Bernardim Ribeiro (1482?-1552?) é o autor de um poema maravilhoso onde imagina que em alturas especiais, quando os nossos colegas de língua diriam ‘eu sou,’ é preferível dizer ‘eu estou,’ e isto apesar de a gramática recomendar o contrário. É um poema que pode ser facilmente encontrado por aí: começa com “Antre mim mesmo e mim” e tem só duas estrofes, cada uma com sete versos (há realmente três versos antes da primeira estrofe, mas são um mote para aquilo que ele propriamente escreveu).

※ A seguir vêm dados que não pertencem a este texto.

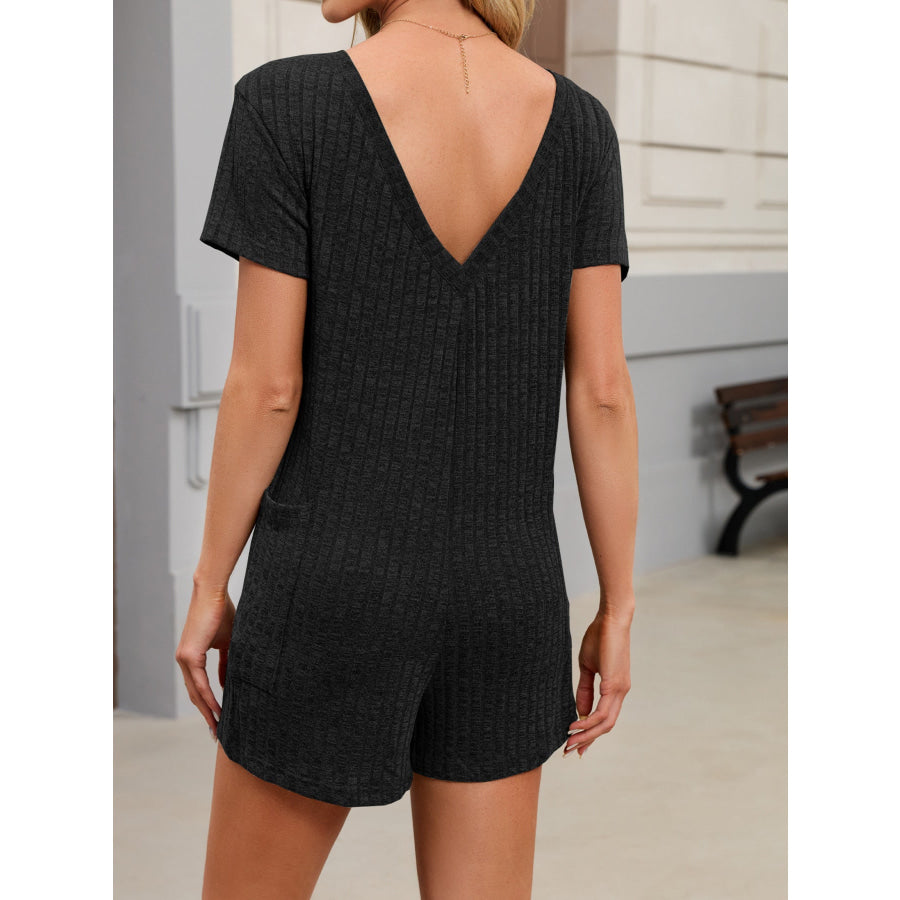 Casual Ribbed Knit V-Neck Romper Apparel and Accessories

Na segunda estrofe Bernardim Ribeiro resume a sua situação: “De mim me sou feito alheio.” Muitos conhecerão este problema na versão de poetas mais recentes, como Mário de Sá-Carneiro e Fernando Pessoa. Não é no entanto um problema do século XX, visto que o poema de Bernardim foi escrito no princípio do século XVI. “Sou feito” parece indicar que Bernardino nem sempre foi aquilo que é; e que se terá tornado naquilo que é. Como é que isto terá acontecido?

O poema tinha começado com a pré-história da situação: “Uns tempos com grand’engano / vivi eu mesmo comigo.” Nesse começo, Bernardim Ribeiro compara quem vive consigo mesmo a quem está casado consigo próprio. Quem se casa consigo, casa-se por engano; e quando percebe o engano torna-se vulnerável a alterações de estado civil. Bernardim não explica exactamente o que causou as alterações; refere-se a “um mal derramado / que por mal grande me veio.” Como porém um mal é um mal, nada melhorou. Podemos portanto dizer que neste poema o problema inicial não é resolvido. Quem vive consigo mesmo vive enganado; e só reconhece os seus enganos quem já não está enganado; mas quem não está enganado está doente: foi contaminado por “um mal derramado.”

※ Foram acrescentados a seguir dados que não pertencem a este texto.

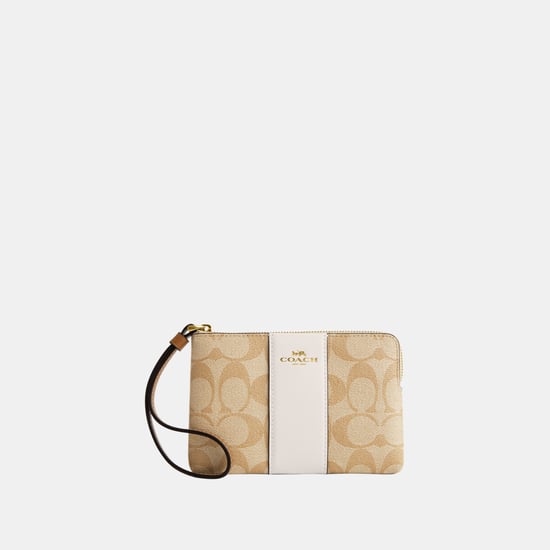 Corner Zip in Signature Canvas with Leather Stripe Bag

O poema indica essa nova condição permanente, com a qual a pequena história conclui, através de um muito ligeiro entorse gramatical, quase imperceptível. É com esse pingo de gramática que o poema acaba: “Nova dor, novo receio / foi este que me tomou, /assim me tem, assim estou.” Bernardim Ribeiro não acha apenas que foi capturado por males, dores e receios; passou também a usar “assim estou” como sinónimo de ‘assim sou.’ Terá por isso, apesar da língua portuguesa, chegado à conclusão de que neste mundo o que somos é o que estamos: estamos doentes, estamos corcundas, estamos arquitectos.